Le courrier attendait sur le pas de la porte, enveloppe blanche scellée, glaçante. À Poitiers, Monica* a compris en l’ouvrant que leur vie pouvait basculer d’une seconde à l’autre, alors qu’ils avaient transformé une maison vide en réel refuge. Le choc fut d’autant plus brutal : après avoir mis plus de 27 000 euros dans la rénovation, on leur ordonnait de partir.

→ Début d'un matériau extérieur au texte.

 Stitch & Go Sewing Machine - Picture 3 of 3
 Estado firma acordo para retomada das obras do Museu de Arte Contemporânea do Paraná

Visite sous tension : des murs refaits, mais aucun droit d’y rester

Devant la porte, Calin* se retrouve face à des héritiers amaigris par le conflit. Il détaille, nerveux, le compteur neuf, la cuisine carrelée, le salon devenu spacieux pour ses huit enfants. La maison avait été laissée à l’abandon vingt ans, à peine défendue du vent par des planches pourries. Aujourd’hui, la lumière douce que le couple a installée éclaire la stupeur silencieuse. “C’est vous qui avez tout refait ?”, interroge l’un, mi-incrédule, mi-agacé. “Oui. Même le toit. On voulait rendre ce lieu vivable, c’était invivable avant.” Le contraste entre l’émotion du foyer retrouvé et la froideur des propriétaires, huissier en retrait, déchire l’air.

« Nous voulons être en règle. On a investi, on peut payer un loyer : 650 euros par mois. »

Le refus tombe, sec et définitif : « Vous n’aviez pas le droit. Quittez tout ! ». Monica serre le petit dernier contre elle. L’idée d’un compromis s’efface devant celle, tenace, de l’expulsion.

L’exil, la ruine et la métamorphose d’une bâtisse morte

Cette histoire démarre dans le sillage d’un licenciement soudain, en août 2023. La famille s’effondre financièrement, finit dans un camping-car. Huit enfants dans quelques mètres carrés, les disputes, la peur, la honte aussi. Une nuit sans sommeil, un chemin de traverse amène Calin à cette vieille maison vide du quartier Saint-Éloi. Le père y voit une chance : il casse sa maigre épargne, 7 000 euros au départ, puis emprunte ou récupère de quoi remplacer l’électricité, les fenêtres, la salle d’eau, les revêtements. Les travaux dépassent vite toute projection : 27 000 euros engagés sur un toit « emprunté » et chaque journée à transformer chasse la peur du lendemain.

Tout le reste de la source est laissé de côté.